A standard SVA implication assertion:

assert property (@(posedge clk) $rose(req) |-> ##[1:10] $rose(ack));

translates directly:

assert rose(req) implies rose[1..=10](ack)

More examples:

// x stable during a 5-cycle handshake window
assert req implies stable[1..=5](payload)

// ack must eventually rise within 32 cycles of req
assert rose(req) implies eventually[1..=32](ack)
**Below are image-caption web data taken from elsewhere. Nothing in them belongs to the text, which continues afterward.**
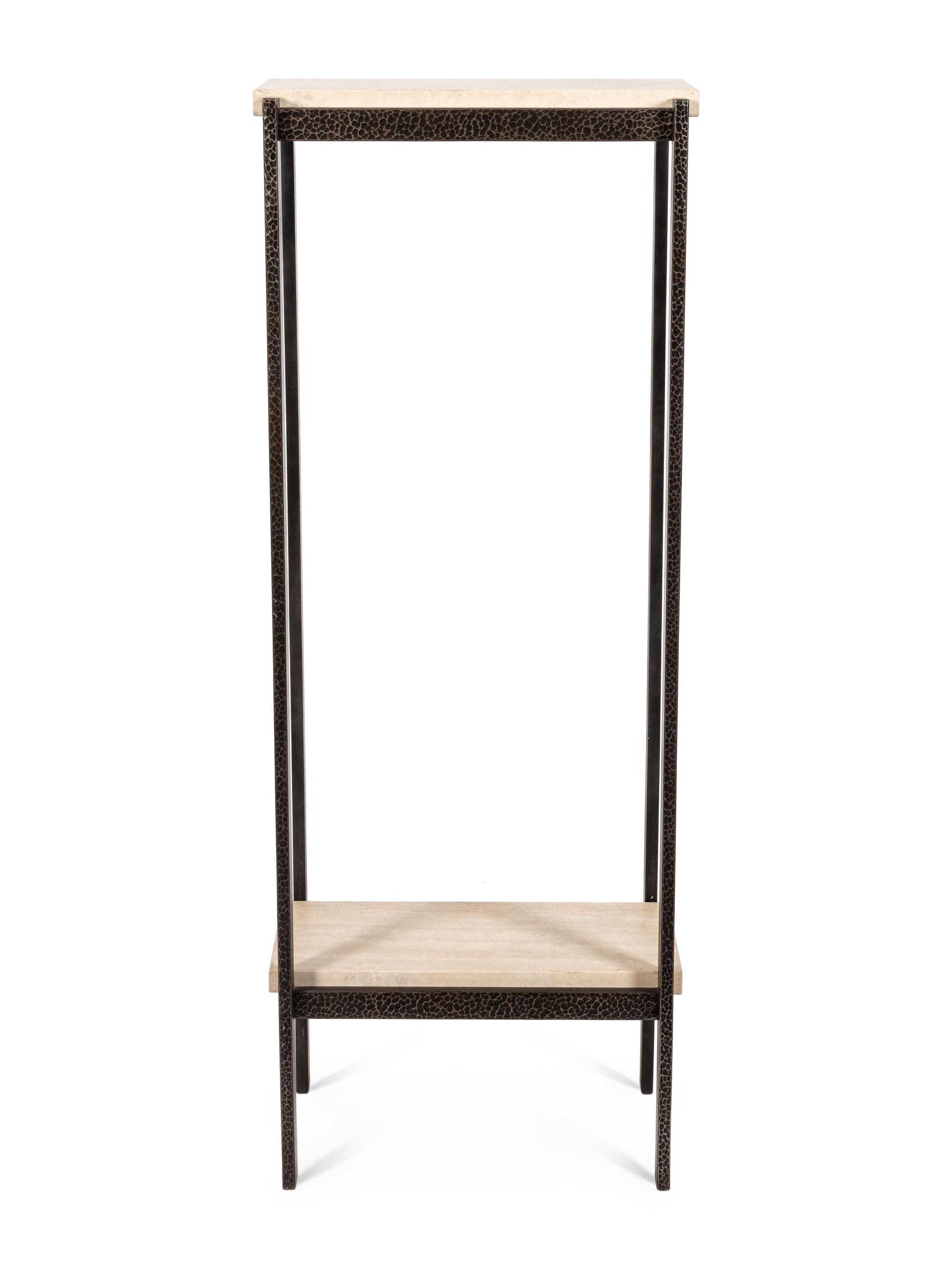An Art Deco Style Wrought-Iron and Marble Stand — 20TH CENTURY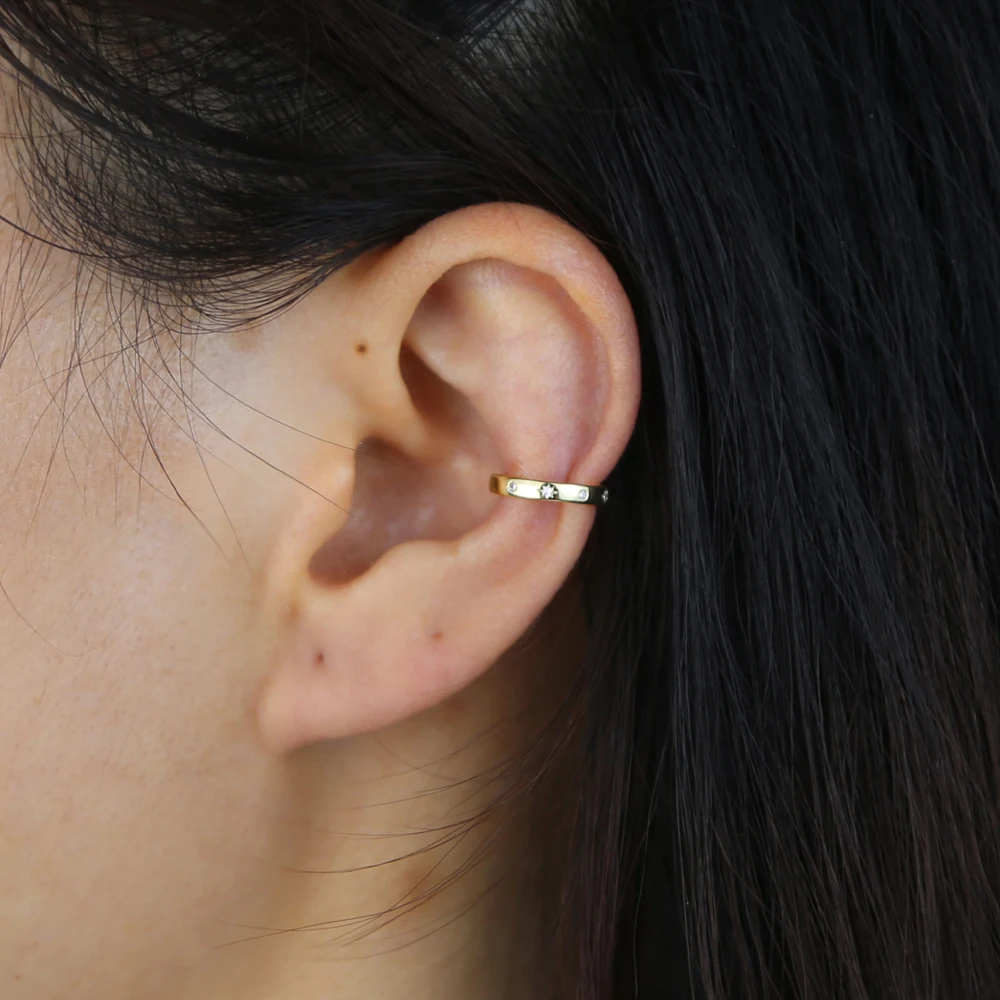

1 Piece Simple No Piercing Ear Cuff Paved White Cz Dainty Jewelry For Women Wedding Gift 2022 Summer Cool Fashion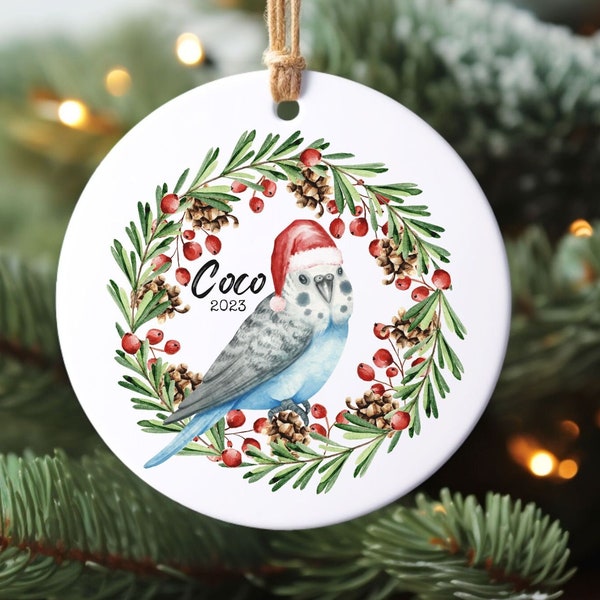 Personalized Parakeet Ornament with Name and Year Christmas Gift for New Bird Parents 2024 Bird Lover Holiday Bauble Multiple Color Options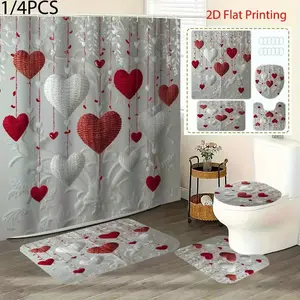 1/4 Piece Luxury Valentine's Day Design: Bathroom Shower Curtain and Mat Set with Heart Pattern, Includes 12 Hooks, Non-Slip Bathroom Mat, Non-Slip Toilet U-Shaped Mat, Toilet Seat Cover, Bathroom Divider, Modern Home Decor, Shower Curtain Sets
// grant is always clean-high while sel is held
assert sel implies always[1..=10](grant)

// past values
assert counter == past(counter) + 1 when enable
assert x == past[3](x)              // same value three cycles ago

Overriding comptime parameters

User code can define small temporal helpers with comptime parameters. Defaults may refer to visible comptime bindings, and callers can override the parameter:

comptime const window = 1..=8
comb ack_within[w:range=window](req, ack) { req implies eventually[w](ack) }

assert ack_within(req, ack)           // uses default w = 1..=8
assert ack_within[1..=4](req, ack)    // tighter window at this call site

Deliberate non-goals

To keep verification close to Pyrope and easy to learn, this chapter intentionally does not add:

  • watch / unwatch: spawn plus waitfor already covers the same use case.
  • log.info / log.warn / log.error: existing puts and print are enough for the language core.
  • dump.start / dump.stop: waveform capture fits better as a runner or tool option than as language syntax.
  • A built-in constrained-random DSL: start with .[rand], and add libraries only if they prove necessary.

Summary of new constructs

Construct Context Purpose
spawn name = { } test only Declare a concurrent test thread
join h1, h2, ... test only Wait for threads to complete
cancel h test only Stop a running thread at the next yield point
sig.[rising] debug only True on a 0-to-1 transition (same as rose(sig))
sig.[falling] debug only True on a 1-to-0 transition (same as fell(sig))
sig.[changed] debug only True when value differs from previous cycle (same as changed(sig))
past[n](x) any context Sample x at a past cycle (inserts n flops)
next[n](x) debug only Sample x at a future cycle
rose[w](x), fell[w](x) debug only Windowed edge within range w
stable[w](x), changed[w](x) debug only Windowed value-stability checks
eventually[w](x), always[w](x) debug only Existence / universal quantifier over cycles in w
waitfor(ref c, timeout=N) waitfor only Bound the wait to N cycles
force(path, val) test only Override a signal persistently
release(path) test only Remove the override and restore the driver

Everything else in this chapter is built from existing Pyrope verification constructs.